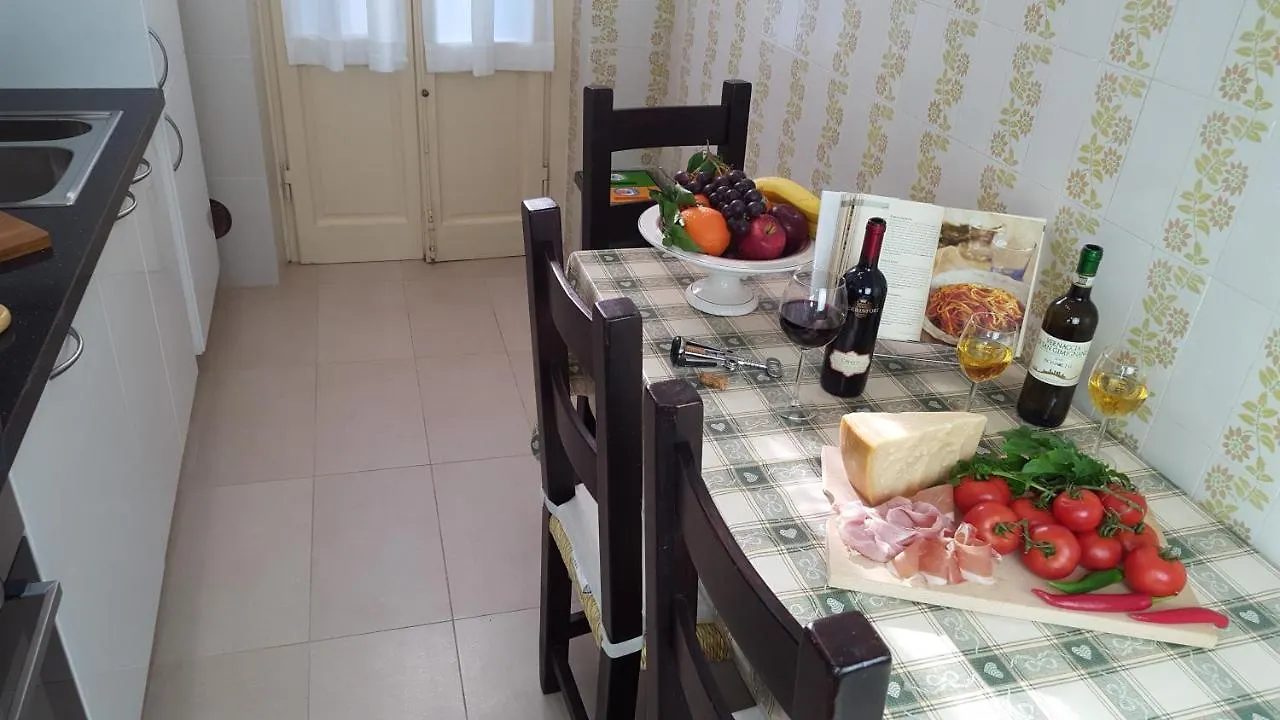 Fabbricotti Apartment Florence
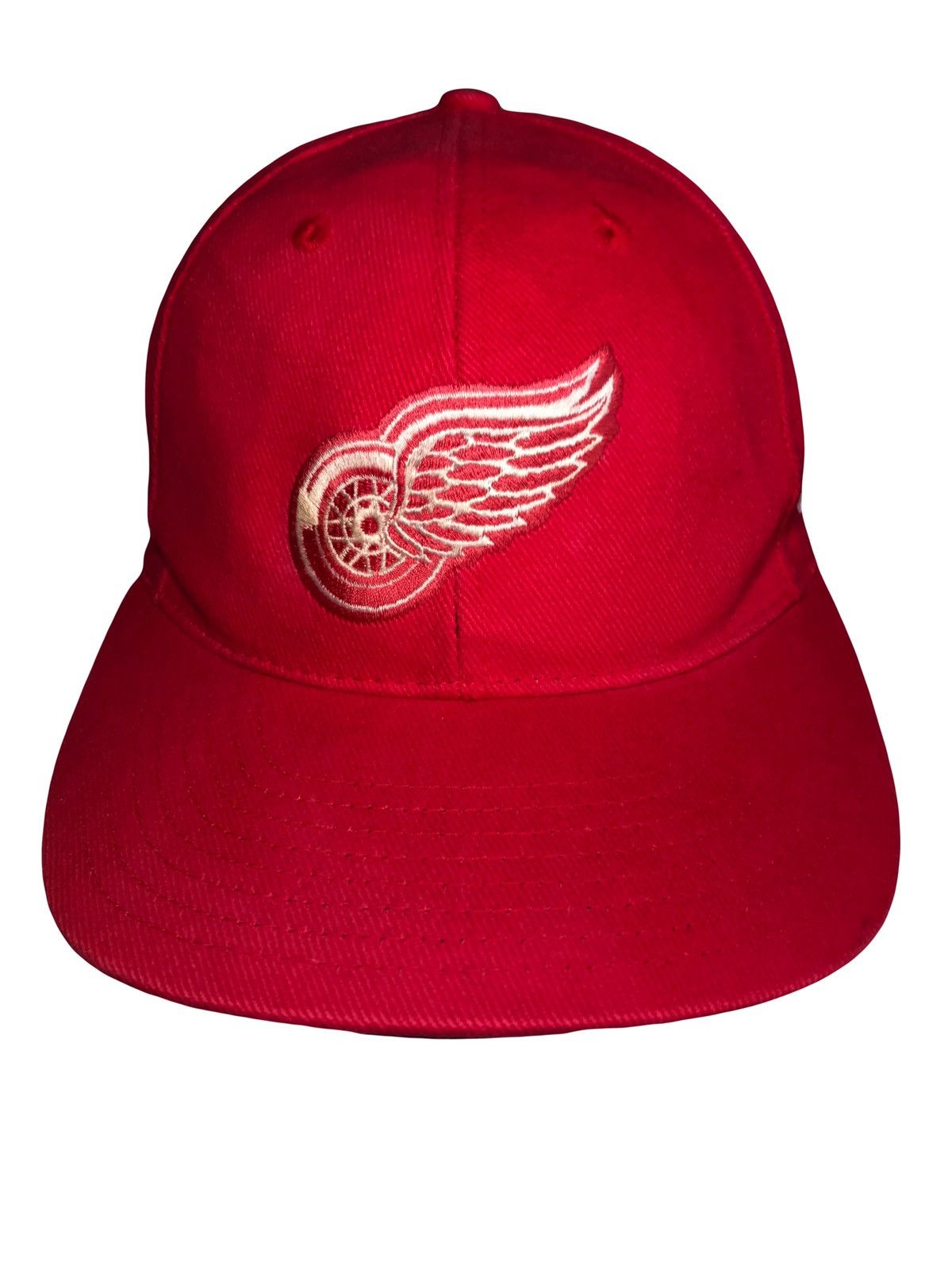 Nike Vintage 98s Cap Nike NHL Detroit Red Wings hockey hat Size ONE SIZE - 5 Thumbnail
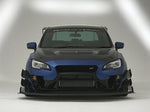 VARIS CIRCUIT VERSION DOUBLE CANARD SET FOR 2015-19 SUBARU WRX STI [VAB/VAG]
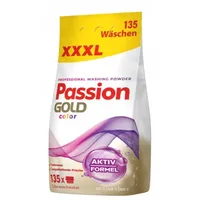 Passion Gold Waschpulver Color 8,1kg - 135 Waschgänge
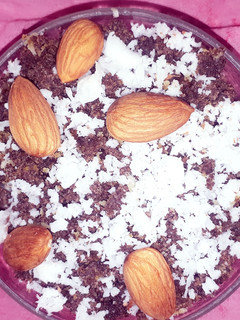 செட்டிநாடு ராகி புட்டு (Chettinadu raagi puttu recipe in tamil) செய்முறை முக்கிய புகைப்படம்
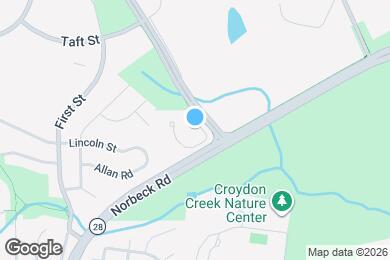 Map image of the property - 1713 Redgate Farms Ct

_ _ _ _ _

Activity
Without the pictures, repeat the listing word for word.

Task output
 Fabbricotti Apartment Florence
 Nike Vintage 98s Cap Nike NHL Detroit Red Wings hockey hat Size ONE SIZE - 5 Thumbnail
 VARIS CIRCUIT VERSION DOUBLE CANARD SET FOR 2015-19 SUBARU WRX STI [VAB/VAG]
 Passion Gold Waschpulver Color 8,1kg - 135 Waschgänge
 செட்டிநாடு ராகி புட்டு (Chettinadu raagi puttu recipe in tamil) செய்முறை முக்கிய புகைப்படம்
 Map image of the property - 1713 Redgate Farms Ct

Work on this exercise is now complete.